WTI continues to recover grounds as the effect of Hurricane Harvey fades. However, as refineries startup is slow, it is weighing on WTI. WTI is currently trading at $48.6 per barrel and Brent at $6 per barrel premium.
Key factors at play in crude oil market –
- The oil market is still feeling the effects of Hurricane Harvey that battered the Gulf Coast leading to refinery shut down in the tune of 4.2 million barrels per day. Many refineries started but still not fully operational.
- Talks going on over the possible extension of the OPEC supply agreement.
- Venezuela has called for a renegotiation of the OPEC agreement.
- Nigeria said to resist pressure on production cuts.
- Saudi Arabia pledged to reduce exports by a million barrels per day. Supplies to Asia are set to decline by more than half a million barrels in September. Saudi Arabia has increased price of crude for Asian and American customers.
- US sanctioned Venezuela and barred its access to U.S. dollar.
- OPEC not compliant to the deal for a third consecutive month.
- OPEC production declined by 79,000 barrels per day m/m, after an increase of 173,000 barrels per day in July and after rising by 393,000 barrels per day in June compared to the previous month. In May production increased by 366,000 barrels per day.

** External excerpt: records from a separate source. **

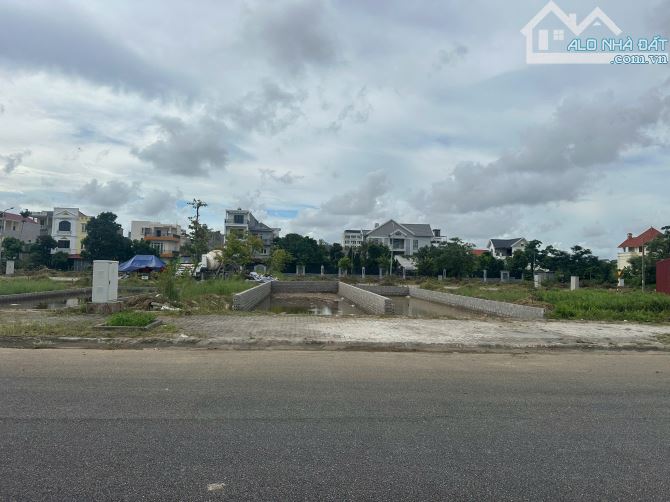 ✅ Siêu Phẩm LÔ GÓC 77,8M NGANG 5M ĐƯỜNG 25M CÁCH CẦU RÀO 1KM. GIÁ CHỈ 3.8X TỶ - 2
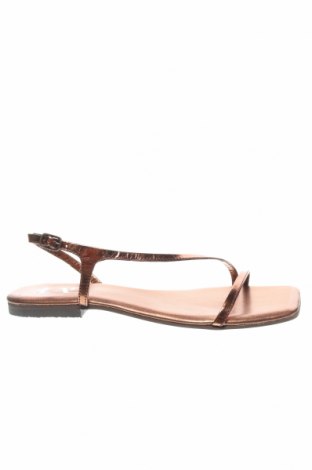 Sandale Answear, Mărime 41, Culoare Auriu, Preț 136,78 Lei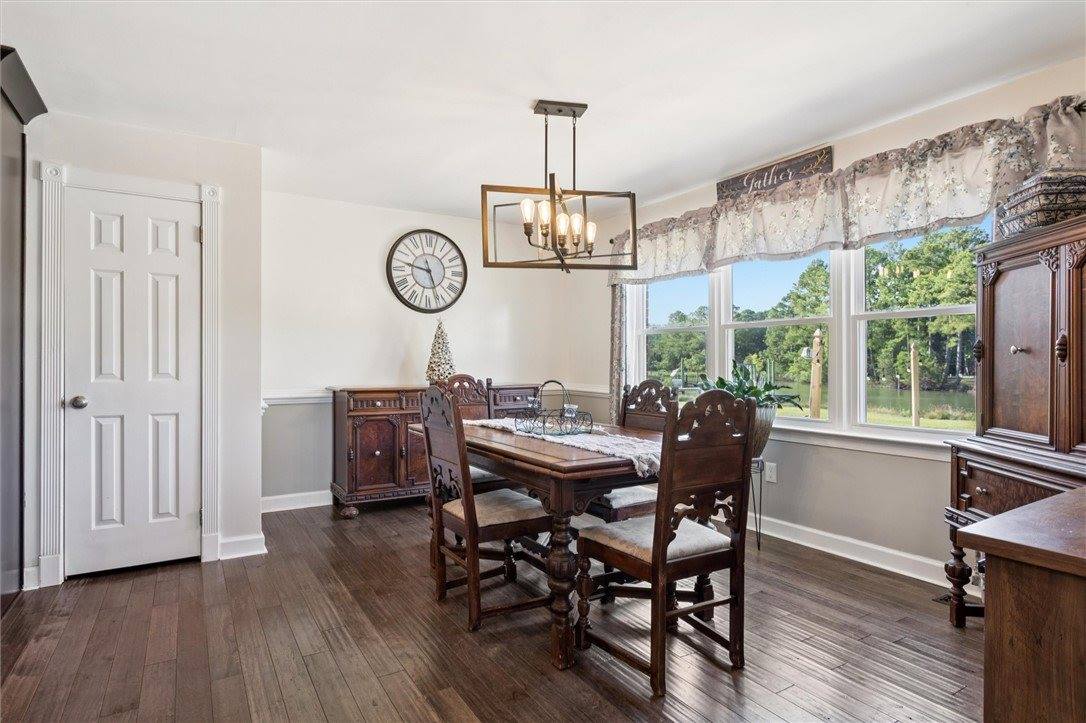 9286 Sylvia Avenue, Hayes, VA 23072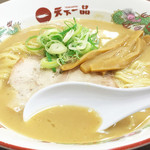 Tenka Ippin - 京都で生まれた黄金のスープ。クセになるラーメンです。
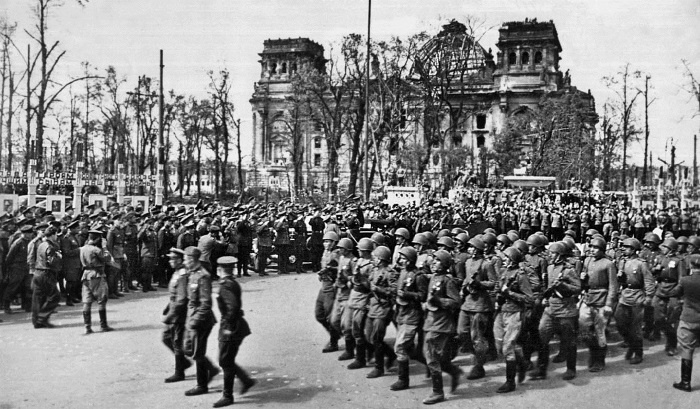 Иллюстрация к книге — Битва за Берлин. Полная хроника - 23 дня и ночи [i_025.jpg]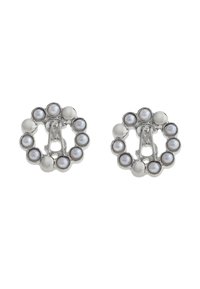 Sølv runde øreringe med små hvide perler arrangeret i et struktureret design, med en sikker lås i midten.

- UAE looking to boost production capacity to 3.5 million barrels by the end of 2018.
- OPEC YTD compliance at 87 percent and non-OPEC compliance at 67 percent.
- Due to Harvey, production declined to 8.78 million barrels per day.
- The oil market is back in contango, currently at $0.49 per barrel.
- API reported a build of 6.18 million barrels of crude oil. Gasoline inventories declined by 7.896 million barrels.
Today’s inventory report from US Energy Information Administration (EIA) will be released at 14:30 GMT.
Trade idea –
- Short term oil outlook changed. Buy WTI targeting $56 per barrel. Brent is likely to reach $59 per barrel. Stop loss at $42 per barrel.
- Thanks to Hurricane Harvey and Irma WTI might decline towards $44 area before moving higher.